Atwood wuchs in der Einsamkeit Nordkanadas auf, ihr Vater war Insektenforscher. Stand am Anfang die Erfahrung der Wildnis, so führt sie ihr Schreiben an einen Punkt, wo die Zivilisation am Ende von der Wildnis wieder eingeholt wird. In dem Roman „Oryx und Crake“, der sich mit dem „Jahr der Flut“ und der „Geschichte von Zeb“ zur Endzeit-Trilogie ergänzt, sind die postapokalyptischen Wälder von grünleuchtenden Chimären und Organschweinen bevölkert, die in Genlabors als Ersatzteillager für eine neue ideale Menschenparkspezies zusammengeclont wurden. Überbordend einfallsreich und zugleich illusionslos ging sie schon in ihrem „Report der Magd“ zu Werke, mit dem sie 1985 in Deutschland bekannt wurde: Volker Schlöndorff verfilmte diesen Alptraum einer destruktiven Männerherrschaft, unter dem Titel „ Geschichte der Dienerin“. Atwoods vornehmlich weibliche Heldinnen sahen sich schon nuklearen, ökologischen und sozialen Katastrophen ausgesetzt, bevor die Dystopie zur Gattung der Stunde wurde. Manchen ihrer heutigen Nachfolger hat sie dabei freilich die Kunst voraus, ihre lustvoll erkenntnisfördernden Höllenfahrten als sprachliche Höhenflüge zu gestalten.

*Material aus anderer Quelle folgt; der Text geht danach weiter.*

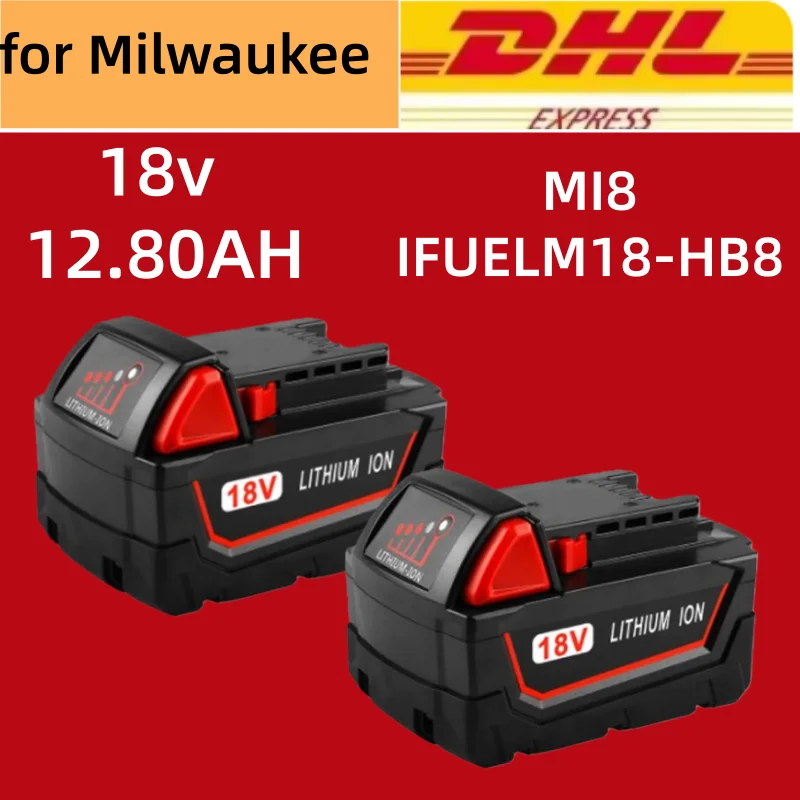 Rechargeable Battery for Milwaukee Tool, 12800mAh, 18V, M18B5, XC, 48-11-2402, 48-11-2411, 2604-22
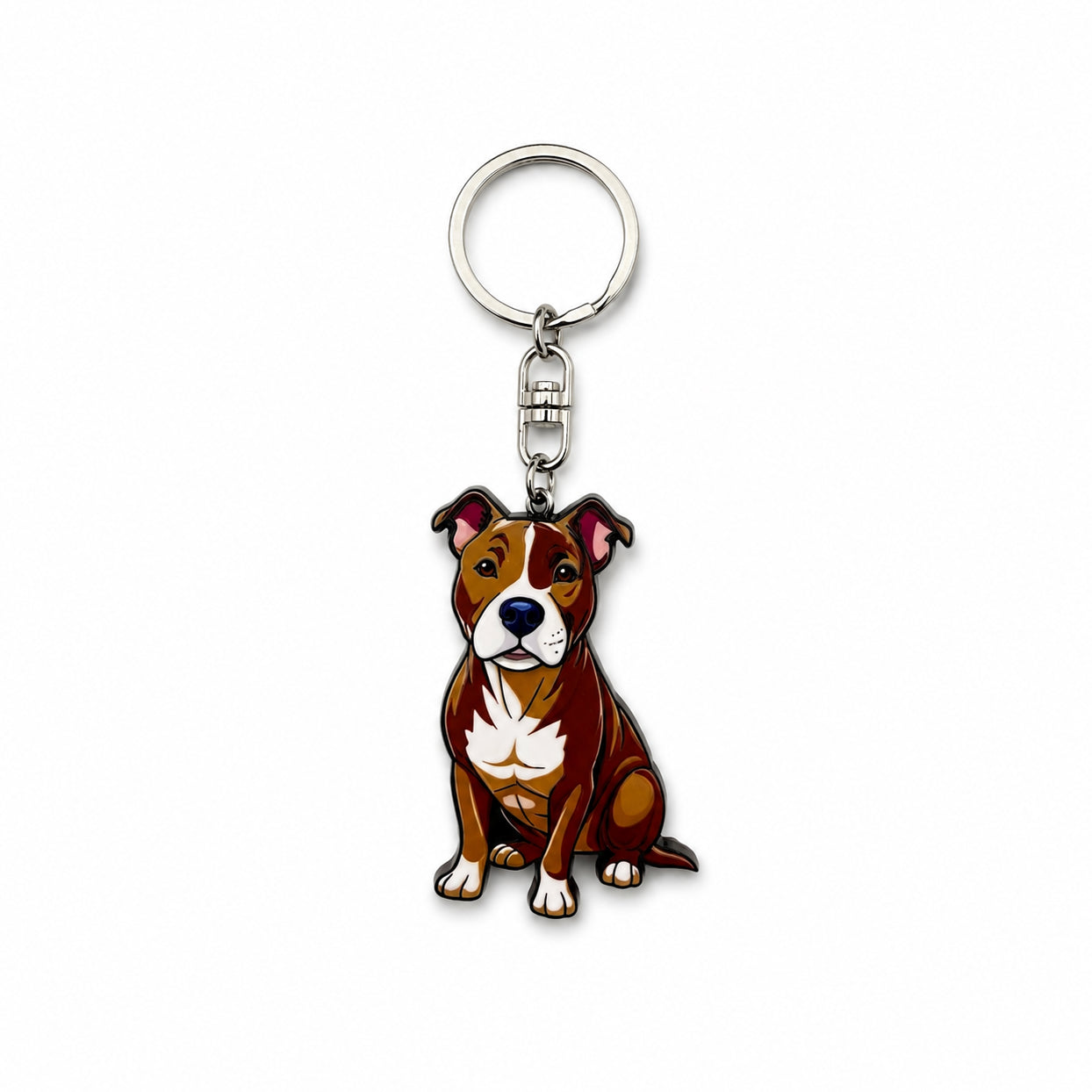 Wooden Staffy Keyring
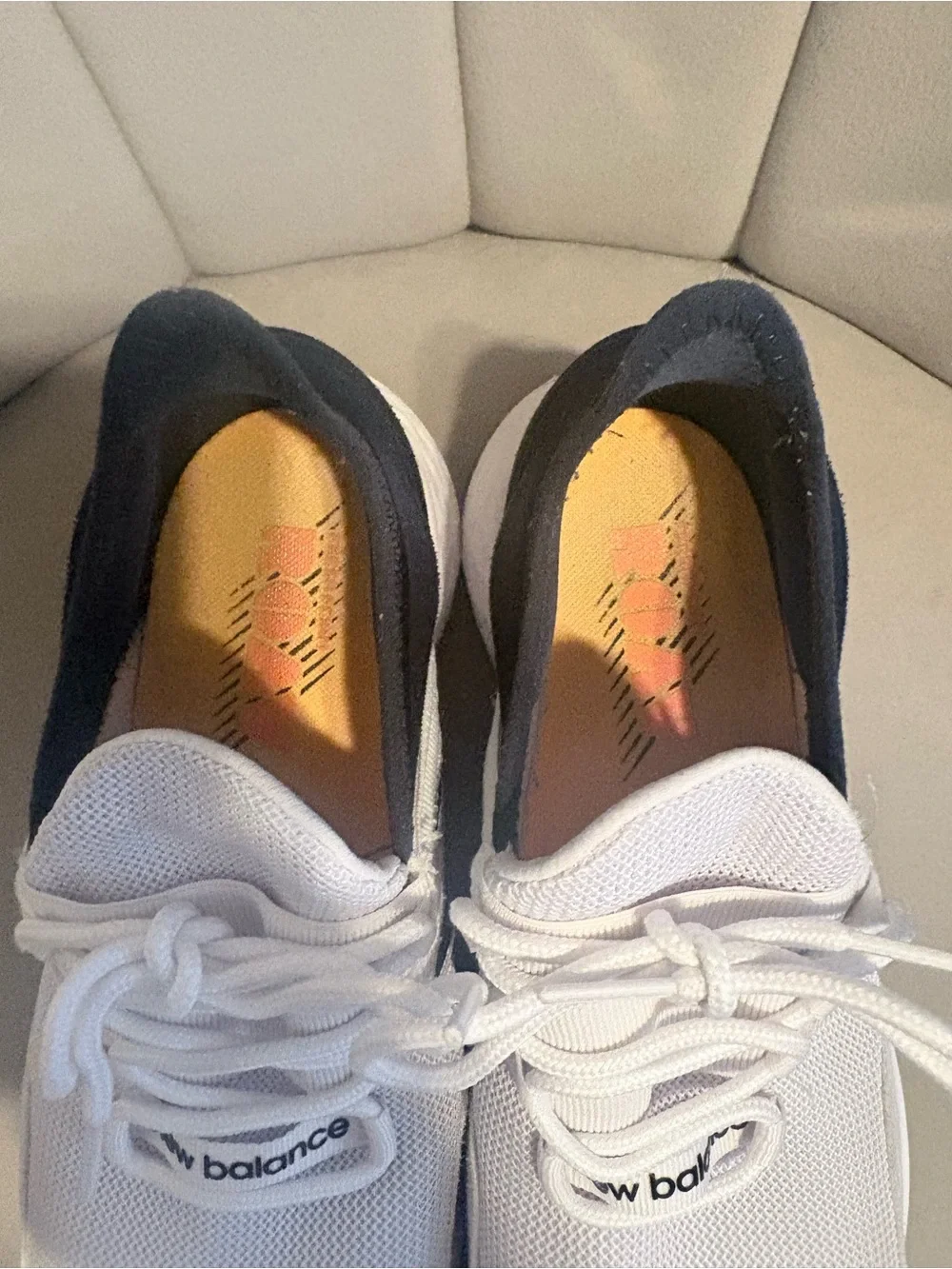 New Balance White and Navy Athletic Sneakers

Als Essayistin hat sie sich in „Payback“ mit den Voraussetzungen und Folgen der Finanzkrise auseinandergesetzt, die auch in ihren eben auf deutsch erschienen Roman „Das Herz kommt zuletzt“ hineinragen. Der Crash zieht darin über Nacht dem Leben eines Paars den Boden unter den Füßen weg und macht sie empfänglich für ein totalitäres Lebensverbesserungsprojekt.

Atwood engagiert sich gesellschaftlich und politisch, unter anderem im PEN International. Denn das Böse, das sie literarisch fasziniert, duldet keine Mystifikationen. Auf die Frage, wie es an die Macht kommt, antwortet sie in einem Interview einmal: „Es gibt ein Sprichwort über Hexen, sie können nicht in dein Haus, es sei denn, du lädst sie ein. Jeder lädt sie ein. Aber wir haben Entscheidungsspielräume immer wieder Möglichkeiten, so oder so zu wählen.“ Der Friedenspreis ist mit 25 000 Euro dotiert und wird zum Abschluss der Buchmesse am 15. Oktober in der Paulskirche verliehen.